Ein spezifisches Problem, vor dem die Verfasser des Lexikons erfundener Künstler standen, lag in der Differenzierung zwischen solchen Künstlern, die tatsächlich ganz und gar erfunden waren, ihre Namen, Lebensgeschichten und Werke inbegriffen, und solchen Figuren aus literarischen Texten, bei denen Name, Werk oder Lebensgeschichte aus der sogenannten historischen Wirklichkeit entlehnt waren. Nicht allein, daß die Grenze zwischen erfundenen und nicht-erfundenen Figuren in manchen Fällen schwer bestimmbar ist; sie kann sogar im Sinne einer Einwirkung imaginärer Charaktere auf die sogenannte Realität durchbrochen werden. Brams nennt als Beispiel ja Balzacs Frenhofer.

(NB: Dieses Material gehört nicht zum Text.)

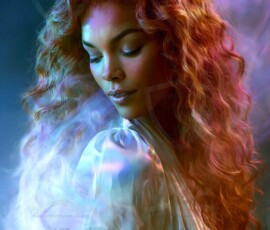 AI-generated abstract art of beautiful women gently enveloped in swirling translucent color mist, iridescent light shimmering on skin. By Jeff Dupler.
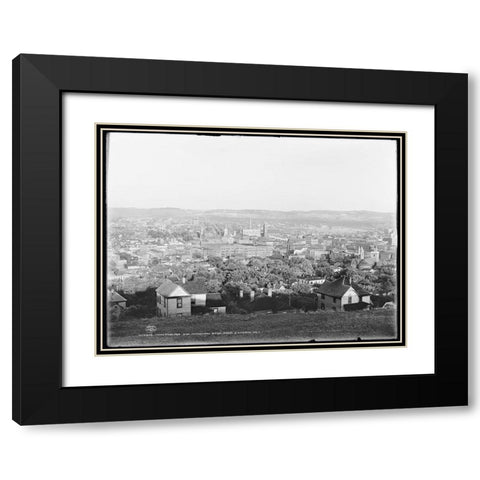 Chattanooga from Cameron Hill 1902 Black Modern Wood Framed Art Print with Double Matting by Lee, Rachel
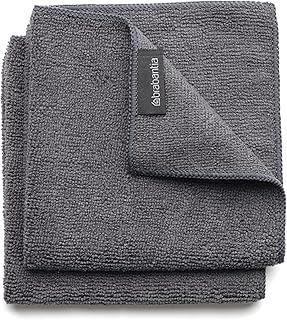 Chiffon de nettoyage en microfibre brabantia 118029 (x2), lavable en machine, gris foncé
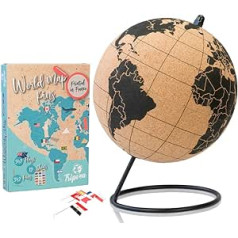 TRIPVEA® Vintage Cork Globe + 342 Lipnios vėliavos sodinimui – Dekoratyvinis pasaulio žemėlapis kelionių tema – Ideali dovanos ir dekoravimo idėja jūsų biurui ar vaikui – Dydis = 20 cm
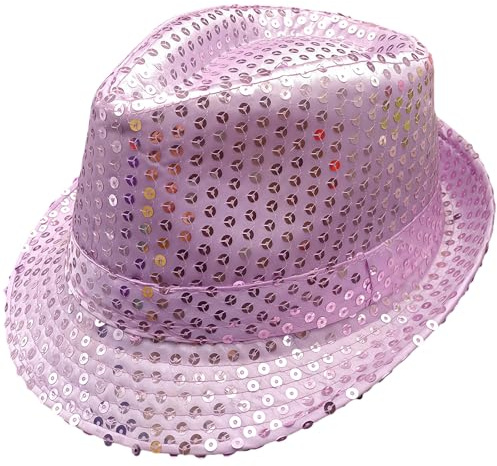AWAVM Glitzer Hut Kinder Paillettenhut Schwarz Gold Rot Silber – Disco Jazz Hip Pop Partyhut für Kostüm Kinder, Karneval Fasching Halloween Mottoparty Kopfbedeckung Kostümzubehör Unisex (Violett)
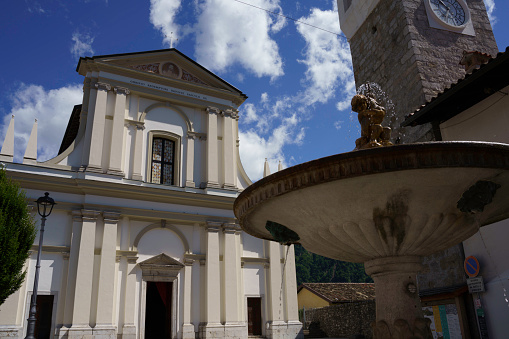 Exterior of historic buildings in Ampezzo, Udine province, Friuli-Venezia Giulia, Italy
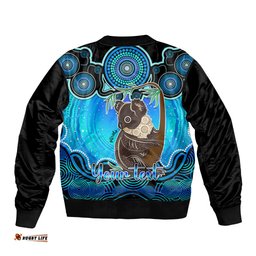 Personalised Australia Cancer Koala Zodiac Bomber Jacket Auz Astrology Aboriginal - Aqua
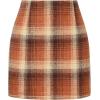 imageWomens Plaid Skirts High Waist Pencil Skirt Bodycon Mini Skirt Fall Winter Outfits for WomenOrange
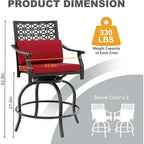 Ensemble de 2 tabourets de bar pivotants hauts d'extérieur, chaises de bar avec coussin d'assise pour terrasse et jardin.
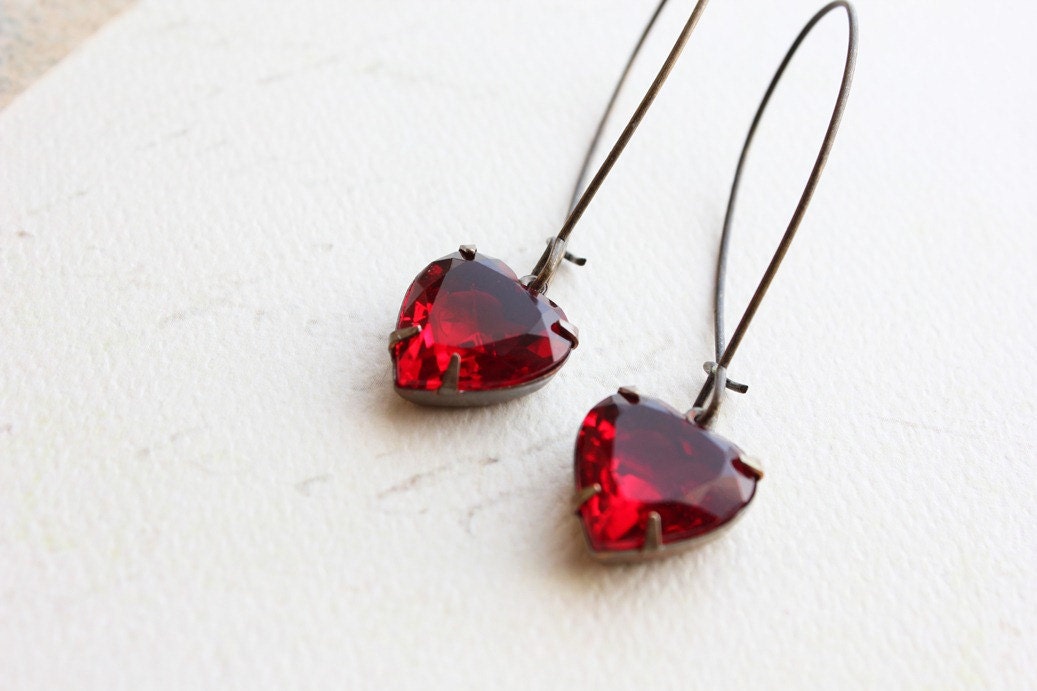 Heart Earrings, Rhinestone, Ruby Red Vintage Glass Drop, Estate Style Jewelry, Love, Valentines Days, Romantic Long Earrings, Modern Dangle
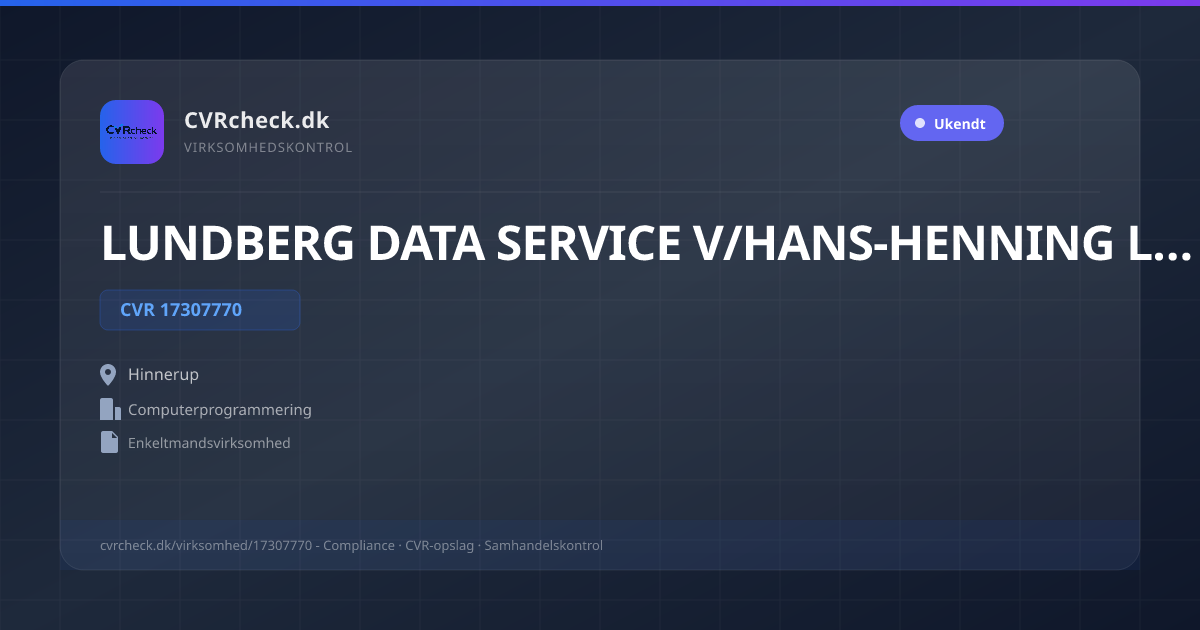 Visitkort: LUNDBERG DATA SERVICE V/HANS-HENNING LUNDBERG, CVR 17307770, Computerprogrammering, Hinnerup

Eine Anmerkung: Für Autoren, Dichter, Schriftsteller, die in literarischen Texten auftreten, stellt sich ein analoges Abgrenzungsproblem hinsichtlich der Unterscheidung erfundener und nicht-erfundener Gestalten. So ist es beispielsweise möglich, daß ein lebendiger Autor seine Figur Ideen und Anschauungen äußern läßt, die seinen eigenen genau entsprechen. Dann ist die erfundene Figur so etwas wie seine Maske, und insofern sie nur einen anderen Namen trägt als der Autor selbst, ist sie als derjenige, der jene Ideen und Anschauungen äußert, im strengen Sinn keine ganz und gar erfundene Figur. Auch können in die Darstellung fiktiver Gestalten biographische und natürlich auch autobiographische Daten einfließen, literarische Figuren also ähnliche Lebensgeschichten haben wie wirkliche – wo soll man hier also die Grenze ziehen zwischen dem Erfundenen und dem Nichterfundenen? Die Namen historischer Autoren können auf erfundene Figuren übergehen; Porträts historischer Autoren können mit erfundenen Namen verknüpft werden – und so fort. Man könnte die radikale These vertreten, jede Figur, die in einem Text Gestalt annimmt, sei als Produkt sprachlicher Darstellung eine erfundene – im Sinne von: eine konstruierte – Figur. Das würde bedeuten, daß ein Autor, der in einem autobiographischen Text einen Bericht über sich und seine Arbeit abgibt, zu den »erfundenen Autoren« gehören würde. Immerhin nennt Thomas Mann seine Schrift »Die Entstehung des Doktor Faustus«, in der es um die Jahre der Arbeit am Roman »Doktor Faustus« geht, den ›Roman eines Romans‹. Was für eine Figur ist demnach der hier zur Sprache kommende Autor Mann? Eine Romanfigur?